── MATERIAL PROVIDED ──
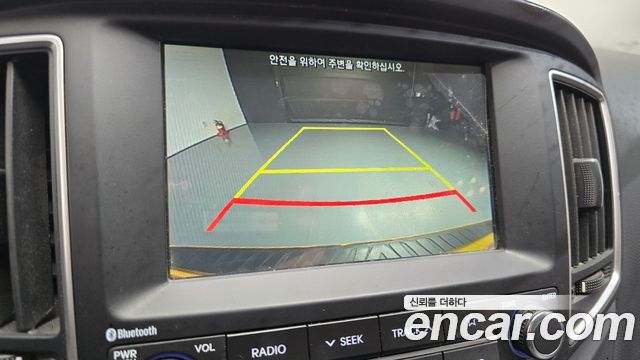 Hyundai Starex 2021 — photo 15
───
── MATERIAL PROVIDED ──
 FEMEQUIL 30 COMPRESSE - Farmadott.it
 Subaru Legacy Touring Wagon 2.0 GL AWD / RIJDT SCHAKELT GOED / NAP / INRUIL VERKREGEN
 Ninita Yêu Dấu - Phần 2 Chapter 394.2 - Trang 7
───
── MATERIAL PROVIDED ──
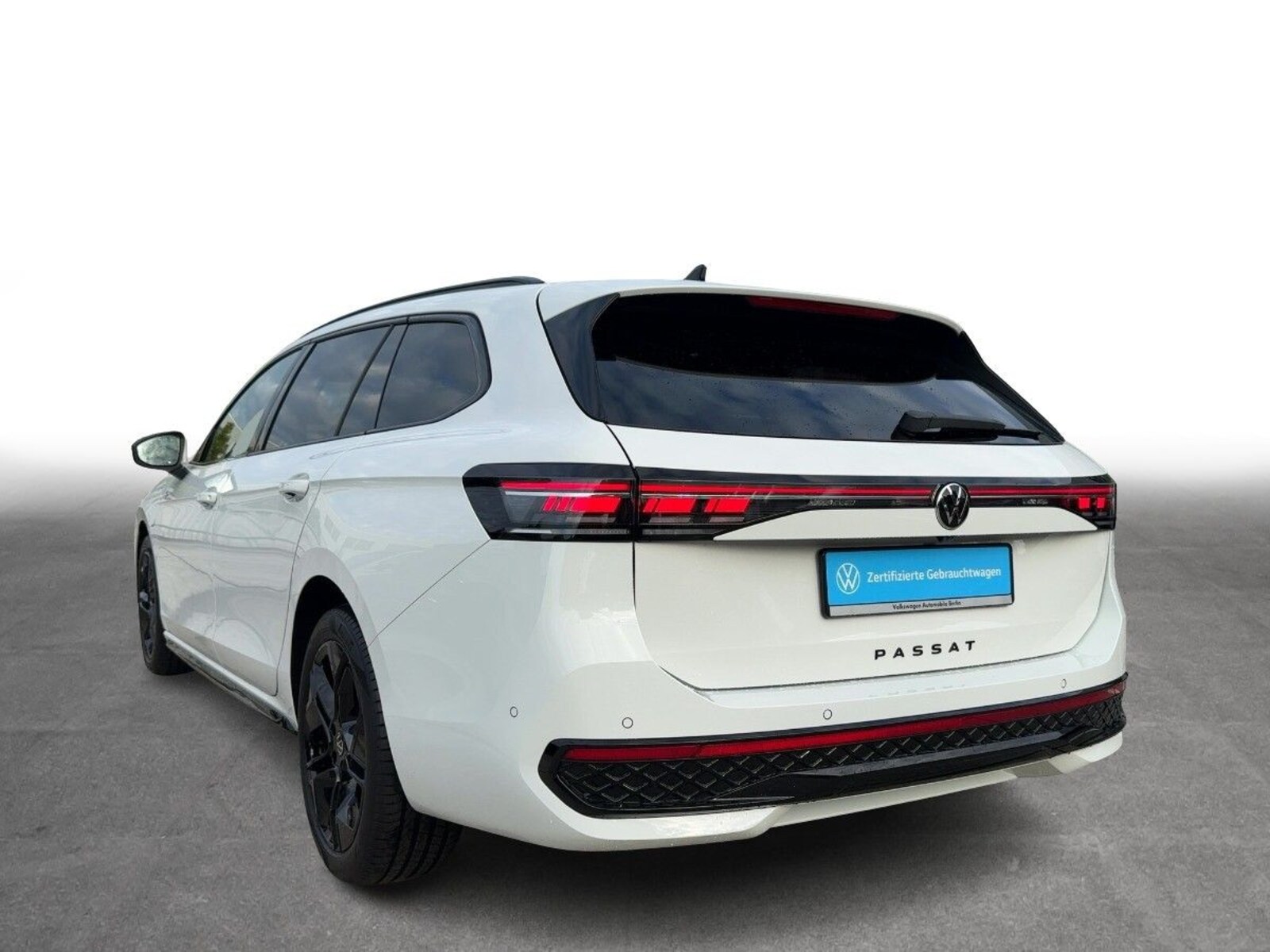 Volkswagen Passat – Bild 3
───
__WHAT THE TASK REQUIRES__
Among the entries above, the lines between the ones containing "FEMEQUIL 30 COMPRESSE - Farmadott.it" and "Ninita Yêu Dấu", inclusive, are to be transcribed exactly. No other line is to be given.

__RESULT BELOW__
 FEMEQUIL 30 COMPRESSE - Farmadott.it
 Subaru Legacy Touring Wagon 2.0 GL AWD / RIJDT SCHAKELT GOED / NAP / INRUIL VERKREGEN
 Ninita Yêu Dấu - Phần 2 Chapter 394.2 - Trang 7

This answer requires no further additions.